The final set of limitations relates to both the measures used and the sample. Relatively low reliabilities were found for a number of scales used in the study. A reliability coefficient of only 0.55 was obtained for the managing emotions ability branch of EI. This is lower than has been reported in previous studies and suggests that there were problems encountered here with the validity of this measure. Previously Clarke (2006a) raised concerns specifically regarding the use of a test to satisfactorily capture an ability, such as managing emotions, where strategies used are so varied and dependent on context. This may represent a wider problem with the measure itself or may be related to the particular sample. The low reliability may then have accounted for the failure to detect and significant relationships with this particular branch of EI. In addition, the two measures of transformational leadership dimensions representing inspirational motivation and individualized consideration similarly were found to have low reliabilities of 0.52 and 0.55, respectively. The use of self-report measures may well account for these low reliabilities. However, it does suggest that the significant relationship found between the emotional ability, using emotions to facilitate thinking, and individualized consideration should be treated with some degree of caution. It should also be noted that no significant correlations were found between general mental ability and any of the emotional intelligence measures used in the study. Previous researchers have reported significant moderate correlations between intelligence and EI ability measures (Lopes, Salovey, & Strauss, 2003) and Rode et al. (2007) reported a correlation of r = 0.20, p < 0.01 between GMA and the total EI ability score using the same GMA measure used herein. The failure to find any significant relationships, therefore, raises some concern. One potential explanation could lie with the measure of IQ used in the study. A number of participants in the study indicated that they had problems with the American English used on the test, particularly in the verbal reasoning domains which they believed impeded their performance in this time-constrained test. This may suggest that the general ability scores obtained are subject to some bias and may not reflect accurate measures of ability.

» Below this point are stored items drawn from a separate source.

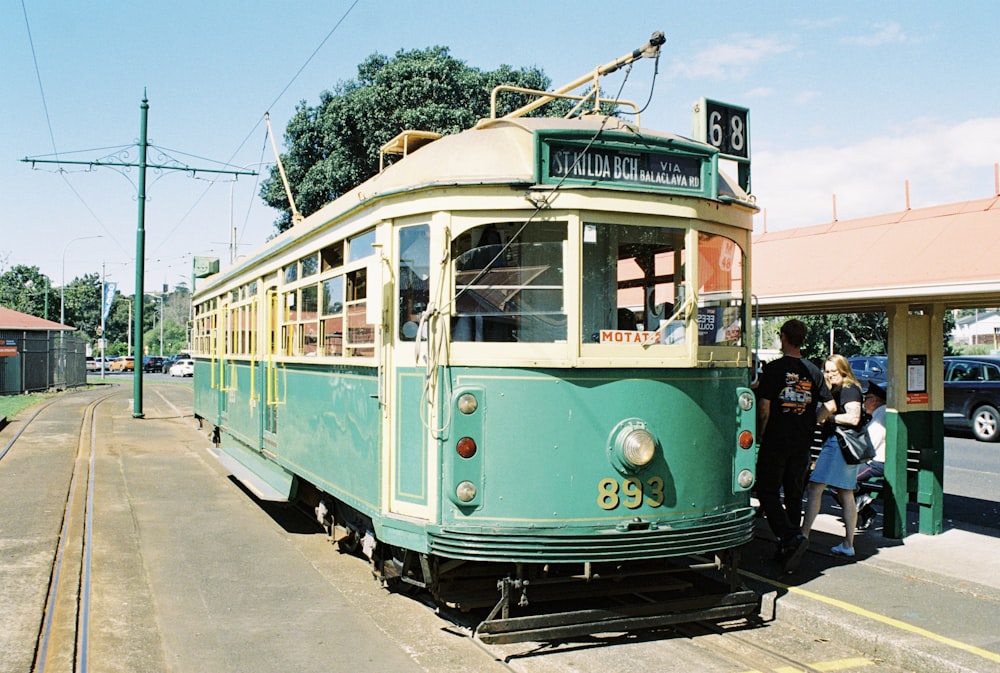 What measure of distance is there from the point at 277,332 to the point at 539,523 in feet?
15.0

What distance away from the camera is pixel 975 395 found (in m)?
18.2

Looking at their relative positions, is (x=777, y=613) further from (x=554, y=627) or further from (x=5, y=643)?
(x=5, y=643)

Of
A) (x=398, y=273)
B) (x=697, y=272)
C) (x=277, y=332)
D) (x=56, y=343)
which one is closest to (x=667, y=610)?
(x=697, y=272)

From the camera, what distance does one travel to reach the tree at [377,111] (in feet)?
84.6

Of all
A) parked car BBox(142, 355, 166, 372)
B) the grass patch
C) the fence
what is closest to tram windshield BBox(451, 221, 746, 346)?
the grass patch

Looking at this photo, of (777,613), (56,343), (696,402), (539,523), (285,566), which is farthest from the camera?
(56,343)

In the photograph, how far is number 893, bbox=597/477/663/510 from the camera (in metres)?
5.28

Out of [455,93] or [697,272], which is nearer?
[697,272]

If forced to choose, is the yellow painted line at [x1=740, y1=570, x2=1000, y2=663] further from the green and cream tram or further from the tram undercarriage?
the green and cream tram

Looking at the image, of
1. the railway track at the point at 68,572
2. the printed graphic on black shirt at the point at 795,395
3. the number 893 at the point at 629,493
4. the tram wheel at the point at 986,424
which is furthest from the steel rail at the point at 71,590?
the tram wheel at the point at 986,424

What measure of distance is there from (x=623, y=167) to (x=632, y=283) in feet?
2.47

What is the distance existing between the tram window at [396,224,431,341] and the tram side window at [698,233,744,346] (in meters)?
1.70

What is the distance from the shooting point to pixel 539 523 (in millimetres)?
5207

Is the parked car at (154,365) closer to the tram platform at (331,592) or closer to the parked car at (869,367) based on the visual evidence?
the parked car at (869,367) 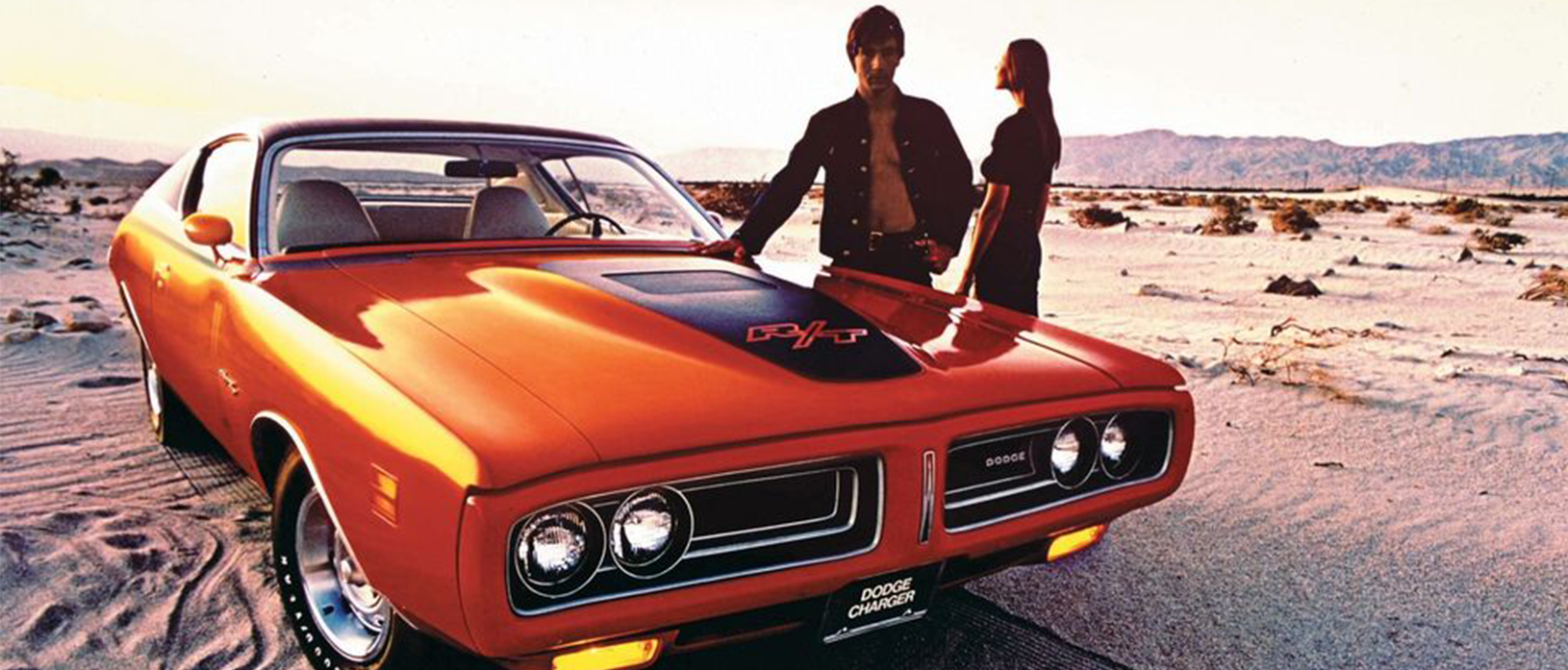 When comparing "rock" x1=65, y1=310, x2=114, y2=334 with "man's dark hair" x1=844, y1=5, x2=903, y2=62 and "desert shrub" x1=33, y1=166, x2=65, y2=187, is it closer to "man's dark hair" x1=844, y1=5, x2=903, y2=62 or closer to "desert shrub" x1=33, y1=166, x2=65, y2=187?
"man's dark hair" x1=844, y1=5, x2=903, y2=62

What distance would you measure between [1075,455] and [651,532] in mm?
1128

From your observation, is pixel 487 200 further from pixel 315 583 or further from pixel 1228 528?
pixel 1228 528

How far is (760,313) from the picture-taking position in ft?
9.30

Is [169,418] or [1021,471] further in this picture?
[169,418]

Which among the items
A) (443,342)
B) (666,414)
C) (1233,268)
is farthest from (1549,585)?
(1233,268)

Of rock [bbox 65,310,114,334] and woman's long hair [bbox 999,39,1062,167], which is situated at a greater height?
woman's long hair [bbox 999,39,1062,167]

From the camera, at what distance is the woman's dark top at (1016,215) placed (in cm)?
433

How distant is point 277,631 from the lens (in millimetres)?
2963

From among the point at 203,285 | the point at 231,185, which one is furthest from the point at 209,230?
the point at 231,185

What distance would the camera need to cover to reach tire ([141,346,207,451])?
4.46 metres

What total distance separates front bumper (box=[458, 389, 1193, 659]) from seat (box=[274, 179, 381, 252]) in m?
1.91

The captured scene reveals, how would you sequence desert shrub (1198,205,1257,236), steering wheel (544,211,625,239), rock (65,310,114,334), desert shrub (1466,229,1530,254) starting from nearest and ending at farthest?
steering wheel (544,211,625,239) < rock (65,310,114,334) < desert shrub (1466,229,1530,254) < desert shrub (1198,205,1257,236)

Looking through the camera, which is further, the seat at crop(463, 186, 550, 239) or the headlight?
the seat at crop(463, 186, 550, 239)

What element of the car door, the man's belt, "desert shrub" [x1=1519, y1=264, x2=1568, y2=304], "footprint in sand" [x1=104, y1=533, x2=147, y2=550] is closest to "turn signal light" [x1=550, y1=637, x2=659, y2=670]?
the car door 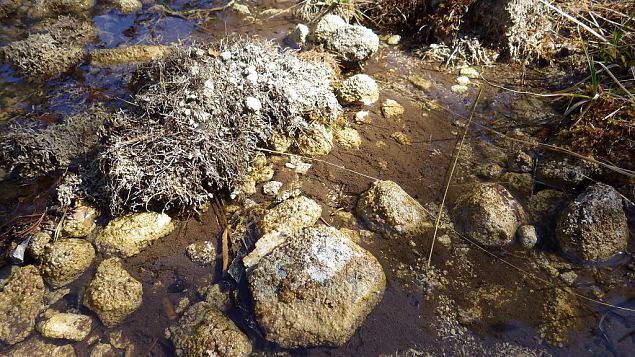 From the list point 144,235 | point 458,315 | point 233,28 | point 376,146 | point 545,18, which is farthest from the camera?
point 233,28

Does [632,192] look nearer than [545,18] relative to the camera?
Yes

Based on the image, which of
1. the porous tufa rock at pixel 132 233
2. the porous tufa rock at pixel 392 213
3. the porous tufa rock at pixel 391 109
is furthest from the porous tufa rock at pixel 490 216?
the porous tufa rock at pixel 132 233

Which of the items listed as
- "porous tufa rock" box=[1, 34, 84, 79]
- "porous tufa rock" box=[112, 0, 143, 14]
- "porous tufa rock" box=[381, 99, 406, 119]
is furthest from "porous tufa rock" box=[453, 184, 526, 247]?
"porous tufa rock" box=[112, 0, 143, 14]

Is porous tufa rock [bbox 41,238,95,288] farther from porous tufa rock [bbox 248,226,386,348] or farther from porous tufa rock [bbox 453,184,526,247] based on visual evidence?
porous tufa rock [bbox 453,184,526,247]

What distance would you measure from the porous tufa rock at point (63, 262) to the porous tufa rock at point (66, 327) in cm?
30

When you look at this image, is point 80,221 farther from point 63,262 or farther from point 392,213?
point 392,213

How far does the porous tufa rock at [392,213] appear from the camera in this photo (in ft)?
10.5

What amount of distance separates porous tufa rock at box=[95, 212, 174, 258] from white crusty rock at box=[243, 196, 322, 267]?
814 mm

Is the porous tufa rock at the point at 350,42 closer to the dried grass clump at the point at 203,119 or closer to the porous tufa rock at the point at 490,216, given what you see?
the dried grass clump at the point at 203,119

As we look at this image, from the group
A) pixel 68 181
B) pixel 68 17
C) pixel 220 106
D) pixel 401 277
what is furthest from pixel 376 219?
pixel 68 17

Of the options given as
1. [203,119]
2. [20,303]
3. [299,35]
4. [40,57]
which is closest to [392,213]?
[203,119]

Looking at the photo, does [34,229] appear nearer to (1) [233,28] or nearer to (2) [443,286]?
(2) [443,286]

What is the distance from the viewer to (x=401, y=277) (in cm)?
296

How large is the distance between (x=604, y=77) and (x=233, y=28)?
14.8ft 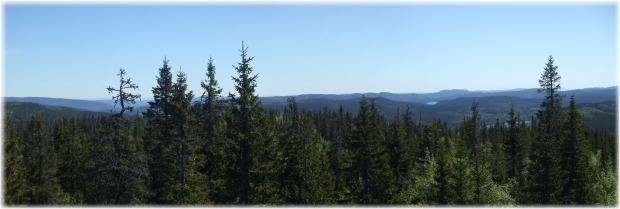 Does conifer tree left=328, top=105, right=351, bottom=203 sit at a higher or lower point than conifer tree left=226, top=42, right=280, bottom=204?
lower

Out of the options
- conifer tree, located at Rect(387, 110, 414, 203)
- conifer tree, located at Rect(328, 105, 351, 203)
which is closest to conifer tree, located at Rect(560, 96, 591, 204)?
conifer tree, located at Rect(387, 110, 414, 203)

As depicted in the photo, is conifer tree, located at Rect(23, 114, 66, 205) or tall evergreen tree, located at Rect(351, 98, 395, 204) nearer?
tall evergreen tree, located at Rect(351, 98, 395, 204)

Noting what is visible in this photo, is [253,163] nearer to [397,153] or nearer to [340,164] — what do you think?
[397,153]

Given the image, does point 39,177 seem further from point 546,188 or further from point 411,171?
point 546,188

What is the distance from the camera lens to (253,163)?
26.8 m

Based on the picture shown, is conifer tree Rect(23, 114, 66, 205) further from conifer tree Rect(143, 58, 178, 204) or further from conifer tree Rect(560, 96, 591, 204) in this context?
conifer tree Rect(560, 96, 591, 204)

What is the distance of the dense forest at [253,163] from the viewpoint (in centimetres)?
2598

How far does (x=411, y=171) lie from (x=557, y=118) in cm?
1482

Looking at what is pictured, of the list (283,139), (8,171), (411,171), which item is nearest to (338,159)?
(411,171)

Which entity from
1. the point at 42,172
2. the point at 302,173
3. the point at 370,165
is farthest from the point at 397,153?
the point at 42,172

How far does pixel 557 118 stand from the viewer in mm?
40156

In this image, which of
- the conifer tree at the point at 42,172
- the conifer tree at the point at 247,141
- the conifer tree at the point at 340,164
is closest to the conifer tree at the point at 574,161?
the conifer tree at the point at 340,164

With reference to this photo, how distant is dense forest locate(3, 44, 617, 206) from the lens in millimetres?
25984

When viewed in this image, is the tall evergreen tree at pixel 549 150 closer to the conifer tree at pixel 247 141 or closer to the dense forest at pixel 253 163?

In addition, the relatively modest sample size of 67 is also a limitation here. This may have increased the risk of statistical Type I errors where results are found to be significant. Finally, some further mention should be made of the population upon which this study is based. These were drawn from two organizations involved in arts, education, research and development, and construction, as well as a small number from the UK Chapter of the Project Management Institute who are predominantly involved in consultancy and professional services. This arguably represents a far more diverse project management base than had been traditionally studied. In addition, just over a quarter of these (27%) were certified in project management. The extent to which the results found here are able to be generalized beyond this particular sample to project managers more widely operating in traditional project management industries and sectors is therefore unknown.